In advanced societies it happens as well, just more subtly. We’re taught to believe in our own greatness and superiority above all else but never to question anything at all.

Greatness isn’t passed on like the color of your eyes. It’s not inherited from the great generations of the past.

It’s earned.

Every generation must renew the compact with greatness.

That’s why so many children of brilliant and powerful men and woman go on to do absolutely nothing at all. They have every advantage, genetics, money and even the spark of genius and they get nowhere.

Why?

Because they didn’t put in the work to earn it. They thought it was their divine right.

Each person must earn their own statue in the pantheon of the ages.

And guess what? The greatest minds in history almost always came from average stock.

Nobody taught Edison how to make a light bulb or a radio. Tesla’s father didn’t school him on electricity. Richard Dennis, the famous turtle trader, made $200 million from $400 but his father was a blue collar guy and couldn’t have taught him commodity trading if he tried.

Every single one of those people had a relentless drive to succeed. They tried and failed and got up again when they crashed and burned. Nothing was given to them. Sure they had innate talent and maybe some special mental wiring but it was their own efforts and inquisitiveness and imagination that brought them to eternal glory.

Greatness is some kind of strange combination of nature and nurture.

But here’s the thing. You don’t know whether you have the special gift from nature. Maybe later it will become clear to you. But in the beginning nobody really knows. They just know they’re different and they want something other than what society is showing them.

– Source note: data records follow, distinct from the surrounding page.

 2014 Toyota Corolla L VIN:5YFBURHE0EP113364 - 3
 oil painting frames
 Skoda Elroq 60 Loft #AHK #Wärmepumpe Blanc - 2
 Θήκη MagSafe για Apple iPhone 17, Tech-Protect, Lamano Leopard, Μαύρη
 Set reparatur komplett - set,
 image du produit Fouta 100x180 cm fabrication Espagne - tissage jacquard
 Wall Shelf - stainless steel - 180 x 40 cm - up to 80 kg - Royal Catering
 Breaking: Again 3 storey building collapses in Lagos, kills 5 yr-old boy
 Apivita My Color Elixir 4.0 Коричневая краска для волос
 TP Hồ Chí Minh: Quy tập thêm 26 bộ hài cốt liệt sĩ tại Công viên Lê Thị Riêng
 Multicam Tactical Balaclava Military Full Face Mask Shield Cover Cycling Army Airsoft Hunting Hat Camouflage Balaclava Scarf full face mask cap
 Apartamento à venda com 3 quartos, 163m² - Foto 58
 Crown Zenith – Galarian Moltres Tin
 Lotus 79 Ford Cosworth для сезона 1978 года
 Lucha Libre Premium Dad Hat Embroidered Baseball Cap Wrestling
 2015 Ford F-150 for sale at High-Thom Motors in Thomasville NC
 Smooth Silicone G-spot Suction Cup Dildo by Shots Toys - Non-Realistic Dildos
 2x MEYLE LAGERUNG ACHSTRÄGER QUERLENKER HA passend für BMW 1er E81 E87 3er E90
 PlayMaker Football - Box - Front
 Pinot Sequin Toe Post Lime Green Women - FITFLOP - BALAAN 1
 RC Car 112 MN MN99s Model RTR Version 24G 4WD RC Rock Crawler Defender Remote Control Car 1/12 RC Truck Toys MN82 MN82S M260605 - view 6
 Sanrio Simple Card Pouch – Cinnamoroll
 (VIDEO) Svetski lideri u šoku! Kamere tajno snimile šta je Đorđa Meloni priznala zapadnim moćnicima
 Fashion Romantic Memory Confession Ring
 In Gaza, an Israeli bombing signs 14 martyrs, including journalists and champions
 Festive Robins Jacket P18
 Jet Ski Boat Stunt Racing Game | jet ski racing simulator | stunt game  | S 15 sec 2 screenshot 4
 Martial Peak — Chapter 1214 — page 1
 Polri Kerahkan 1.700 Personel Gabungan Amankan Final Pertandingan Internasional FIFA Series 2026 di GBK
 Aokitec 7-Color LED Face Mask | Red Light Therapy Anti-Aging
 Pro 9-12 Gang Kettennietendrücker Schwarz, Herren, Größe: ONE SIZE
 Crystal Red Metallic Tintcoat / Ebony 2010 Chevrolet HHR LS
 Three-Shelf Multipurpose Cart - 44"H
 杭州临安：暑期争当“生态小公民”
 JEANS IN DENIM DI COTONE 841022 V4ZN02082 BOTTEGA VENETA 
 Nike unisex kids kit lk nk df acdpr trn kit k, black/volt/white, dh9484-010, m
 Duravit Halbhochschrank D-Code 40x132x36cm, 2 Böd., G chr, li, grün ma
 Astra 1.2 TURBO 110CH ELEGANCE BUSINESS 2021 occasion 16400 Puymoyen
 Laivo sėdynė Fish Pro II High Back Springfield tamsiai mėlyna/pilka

So you have to act as if you’re destined for greatness. No that doesn’t mean strutting around like you’re God’s gift to the Earth.

It means demonstrating to the Universe that you mean business. It means committing to the hard work of real greatness, with humility and patience and a clear vision.

But what are the traits that mark the most brilliant minds in history? How do you develop them?

Let’s take a look.

Number One: Self Reliance

When I was little my mother loved to draw. But after years of painting pretty pictures for me she told me she was done. If I wanted more pictures I had to draw them myself.

I kicked and screamed and raged but she held tough.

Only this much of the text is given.